Créé il y a deux ans, le CPES est constitué d'habitants des Etats-Unis et plus largement de Lyon 8e. ©OM/Rue89Lyon
Créé il y a deux ans, le Comité populaire d’entraide et de solidarité (CPES) est constitué d’habitants des États-Unis et plus largement de Lyon 8e.Photo : OM/Rue89Lyon

Les individus visés sont les membres du Comité populaire d’entraide et de solidarité (CPES) du quartier des États-Unis, qui portent en effet un drapeau rouge avec leur logo. Créé à l’occasion des distributions de nourriture organisées pendant la crise sanitaire, ce collectif d’habitants du 8earrondissement a décidé de prendre les choses en main face à l’inaction de Grand Lyon Habitat. On y trouve des locataires de Grand Lyon Habitat, des pères et mères de famille aussi bien que des jeunes d’une vingtaine d’années comme Thibault :

« Si Grand Lyon Habitat respectait ses engagements, on aurait pas besoin de ‘chauffer’ les habitants, mais on les chauffera tant qu’il faut ! » 

Contactés par Rue89Lyon en début d’année pour évoquer des problèmes d’insalubrité, Grand Lyon Habitat avait annoncé un vaste plan de réhabilitation de son parc social, à partir de 2023 :

« Aujourd’hui, les besoins d’intervention sur le patrimoine sont nombreux, reconnaissait le bailleur social. Des réhabilitations ou interventions sont programmées. C’est un total de 409 millions d’euros qui seront investis entre 2020 et 2029, sur le patrimoine, dont, évidemment, une partie des résidences du quartier des États-Unis. »
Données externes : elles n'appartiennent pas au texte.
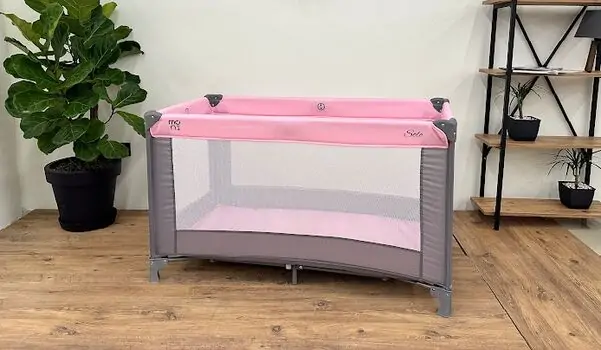 Cangaroo Folding cot Solo Pink საბავშვო ერთ დონიანი საწოლ-მანეჟი, 2 image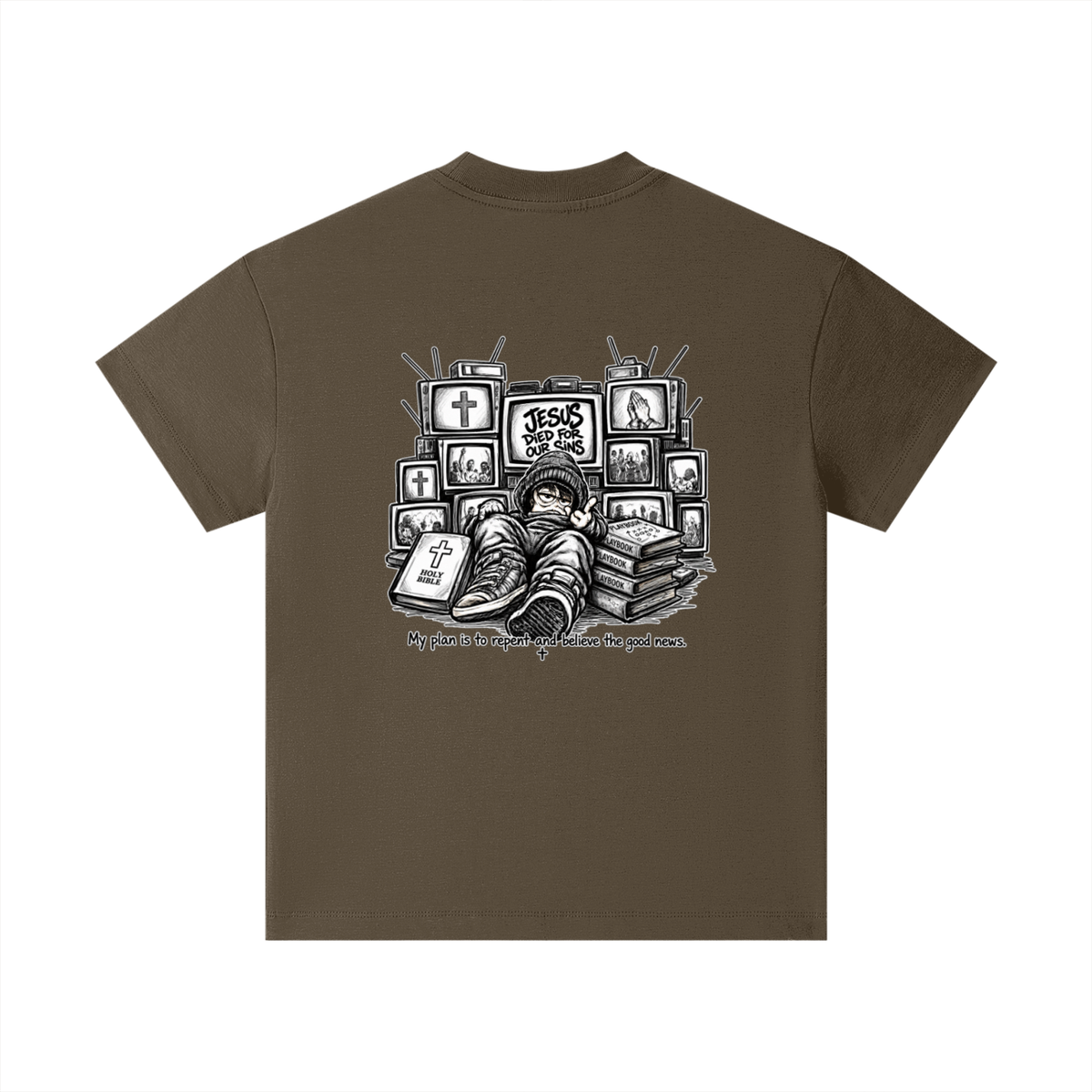 JESUS DIED FOR OUR SINS MY PLAN IS TO REPENT AND BELIEVE THE GOOD NEWS. Kids T-Shirt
« Oui oui, j’en entends parler depuis 2018, il y a même un permis de construire affiché sur mon bâtiment », soupire Mejdi qui n’y croit pas.

En attendant, lui va retrouver son petit appartement vers Viviani – une « boîte » comme il le décrit – et brancher cet hiver aussi son chauffage d’appoint. En revanche, pour lui comme pour Fatima, Pascale, Amel et les autres, hors de question de payer cette régularisation. Le bras de fer avec Grand Lyon Habitat devrait donc se poursuivre.